A scriverlo per la prima volta fu Alessandro Manzoni (1785-1873) ne I promessi sposi, per descrivere nel XXVII capitolo il livello di alfabetizzazione del giovane Renzo. Il personaggio, infatti, dopo i tumulti milanesi cominciò a scrivere delle lettere a Lucia e a sua madre Agnese, motivo per cui l’autore ci tiene a spiegare che, nonostante le sue origini, il protagonista riusciva a leggere e a scrivere discretamente. Anzi, precisa poi: “Lo stampato lo sapeva leggere, mettendoci il suo tempo; lo scritto è un altro par di maniche”.

“Rompere il ghiaccio”

Nel caso di questo fraseologismo ci tocca guardare invece a William Shakespeare (1564-1616), apprezzato in tutto il mondo non solo per le sue tragedie, ma anche per le sue commedie. Fra queste, una delle prime a venire redatta fu La Bisbetica domata (1594), nella quale il personaggio di Petruccio veniva persuaso con le seguenti parole a sposare la bisbetica Caterina per far sì che anche sua sorella minore potesse unirsi in matrimonio: “Che se voi rompete il ghiaccio, e compite questa impresa di prendervi la maggiore, e lasciar così libera per noi la seconda…”.
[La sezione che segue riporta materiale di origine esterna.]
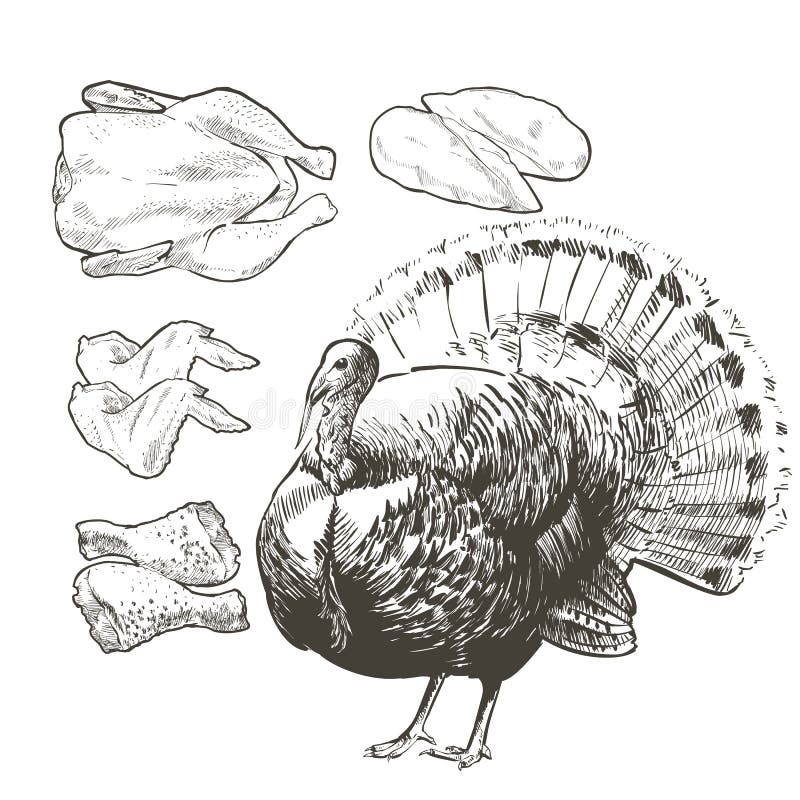 Vector illustration set poultry turkey. Roasted meat. Vintage sketch Illustration of farm animals. Isolated birds drawing on white background. Graphic for butcher shop, farmer market, Thanksgiving Day. Vector illustration set poultry turkey. Roasted meat. Vintage sketch Illustration of farm animals. Isolated birds drawing on white background. Graphic for butcher shop, farmer market, Thanksgiving Day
“Uno scheletro nell’armadio”

Anche in questo caso ci troviamo di fronte a una locuzione popolare e di lontana origine, che doveva essere conosciuta in più parti d’Europa già diversi secoli fa, come per esempio in Francia e in Inghilterra. Proprio qui, poi, secondo i dizionari è stata attestata specialmente nella letteratura del XIX secolo, nella variante “a skeleton in the cupboard“, che poi nella nostra lingua ha modificato la credenza in un armadio. E avreste mai detto che a servirsene, tra le firme più autorevoli, fosse stato il grande romanziere Charles Dickens (1812-1870)?

“E compagnia bella”

La storia di questa espressione è singolare e diversa dalle altre. Si deve, infatti, alla storica traduzione di Adriana Motti del romanzo Il giovane Holden di J.D. Salinger (1919-2010), che con “e compagnia bella” rese una delle numerose occorrenze dell’inglese “…and all“. Ispirandosi ai suoi nipoti, la giornalista e traduttrice cercò di evitare le ripetizioni presenti nell’originale ricorrendo a dei modi coloriti di esprimere lo stesso concetto, e la perifrasi in questione divenne così fortunata da diffondersi dal secondo dopoguerra in poi anche nel parlato.

“Grilli per la testa”

Concludiamo con un altro sintagma firmato nientemeno che da Alessandro Manzoni, che nel secondo capitolo de I promessi sposi racconta di una concitata conversazione tra don Abbondio e Renzo. Così, quando il giovane gli chiede come abbia fatto don Rodrigo a intralciare le nozze con Lucia, il curato esclama: “Come, eh? Vorrei che la fosse toccata a voi, come è toccata a me, che non c’entro per nulla; che certamente non vi sarebber rimasti tanti grilli in capo“, espressione qui usata con amara ironia e rimasta fino a oggi proverbiale.